[self-interest] Re: UnitTests

Chandrasekhar Ramakrishnan cramakrishnan at acm.org
Wed Jan 12 10:54:52 UTC 2011

2011/1/11 Adam <adam.spitz at gmail.com>:

> P.S. Incidentally, for those of you who don't feel like watching the whole video, the relevant part is at 21:25:
>        Ward said, "What killed Smalltalk is that it was just too easy to make a mess. You C++ programmers are lucky, because the language punishes you if you make a mess. Your builds start to take forever. You've got to undo some of the mess just to survive. But the Smalltalk people could add mess upon mess upon mess with no immediate ill effects. Their builds didn't run any slower - there *was* no build. There was nothing that went wrong with them; as long as they could manage to keep all the balls in the air, they were all right. But eventually you could build a system that was so indirect and so impenetrable and so convoluted that no one could understand it or touch it and it would become impossible to deal with."

>From the Devil's Dictionary:

  REFLECTION, n. An action of the mind whereby we obtain a clearer view
  of our relation to the things of yesterday and are able to avoid the perils
  that we shall not again encounter.

Even granting, for the sake of argument, that this is what killed
Smalltalk (meaning, "what prevented Smalltalk from reaching wider
commercial success," which is only one metric for success and not
always a salient one), it is not clear to me what the lesson for today

This "problem" only manifests itself for a particular kind of
project/team/development structure. I think there is quite convincing
evidence that the computers of the near future will be quite different
from the ones we have become used to programming (does Apple even
produce a MacOS X machine with less than 2 processors?), and it seems
reasonable to expect that the way we will program them will also be
different.
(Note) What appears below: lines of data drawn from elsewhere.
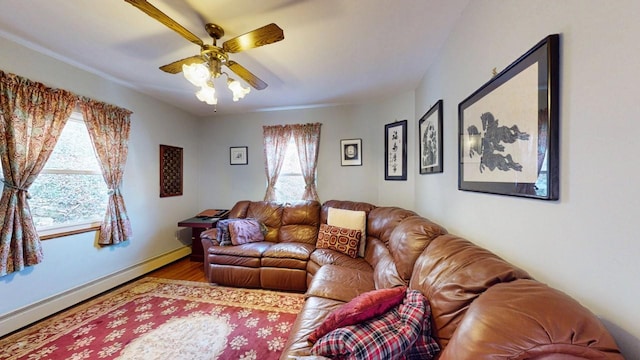 living area featuring baseboards, wood finished floors, ceiling fan, and a baseboard radiator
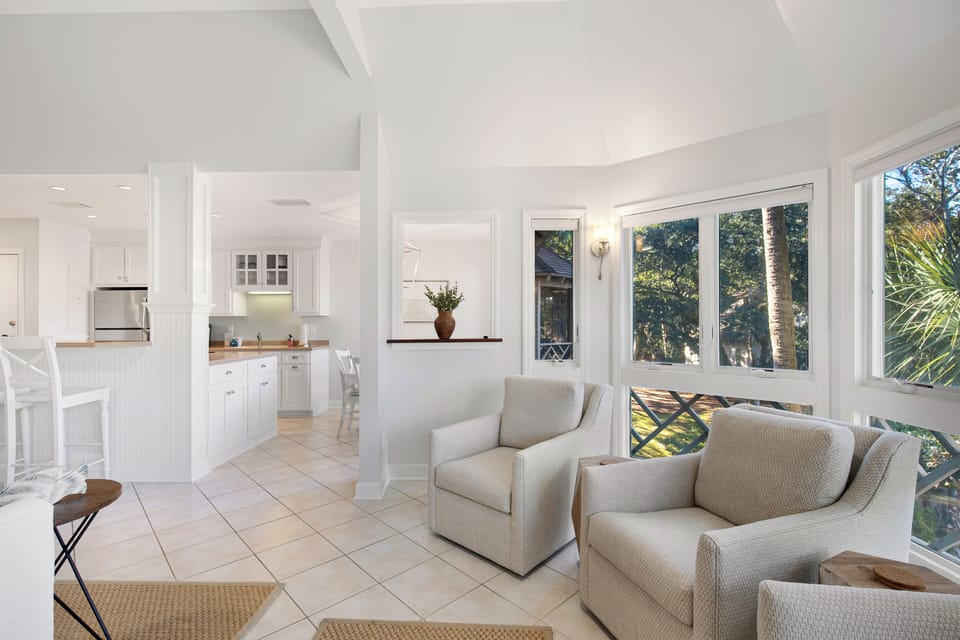 Sunny Sitting Area with Expansive Bay Windows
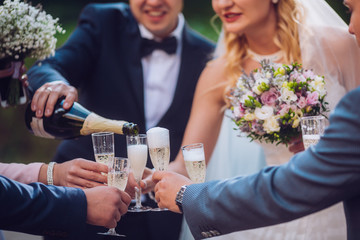 Bride and groom with happy groomsmen and bridesmaids having fun and popping champagne, luxury wedding celebration, hilarious moment. Newlyweds fun with friends.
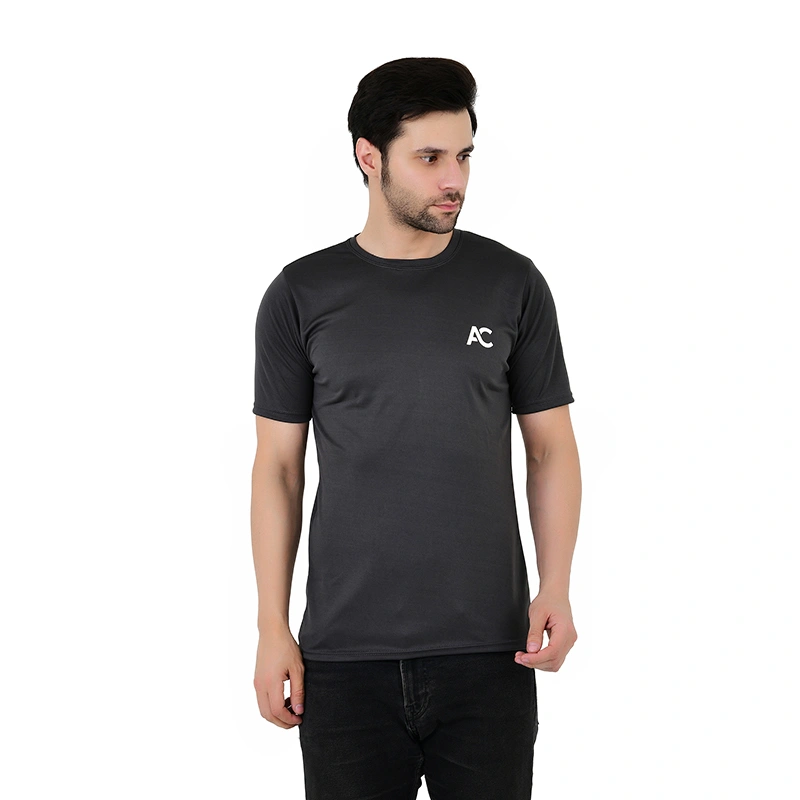 Male model in dark grey sports t-shirt with AC logo print and black jeans - menswear ecommerce photography by Lohar Studio Delhi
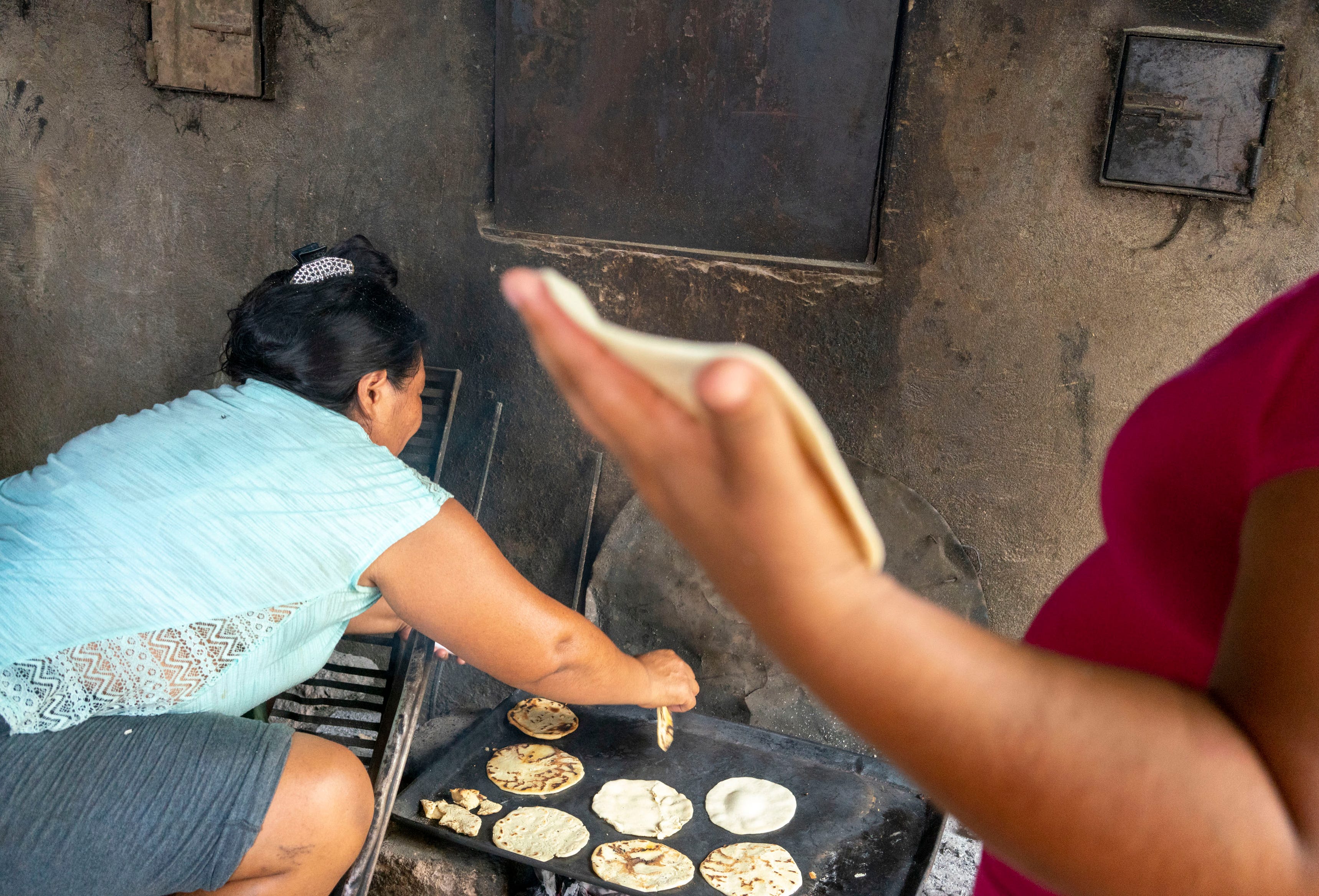 TAPACHULA, Mexico – Central American migrants make tortillas at the Jesus the Good Shepard Shelter for Migrants in Tapachula, Mexico, while they wait for a transit visa to go north toward the United States.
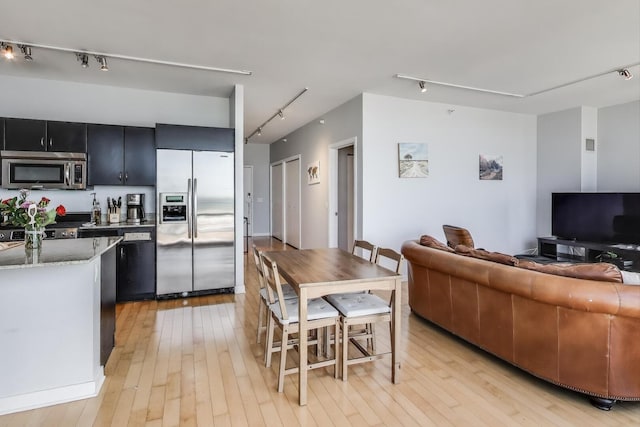 860 W Blackhawk St Unit 805, Chicago, IL 60642 - kitchen featuring appliances with stainless steel finishes, track lighting, dark cabinets, and light wood finished floors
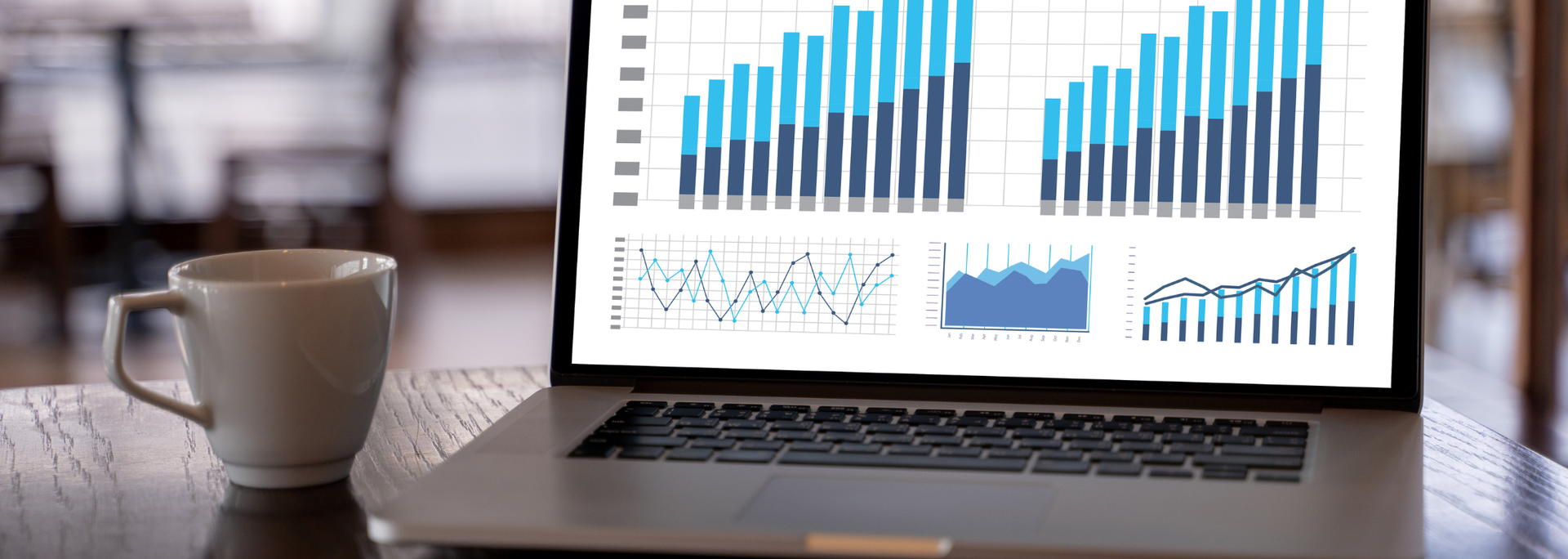 Laptop displaying financial charts, with a coffee cup on a wooden table. Blurred background of a cafe.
And if we expand our view beyond Java/C/Ruby/Python, etc,
to domains solved by languages like Matlab, R, or Max/MSP (users of
which might not even think of themselves as programmers), I wouldn't
be surprised if a Smalltalk-like language and environment couldn't
stick in some niche.

This is not necessarily to say that a Smalltalk-like language will be
commercially successful in the future, but the fact that Smalltalk
wasn't should discourage future attempts.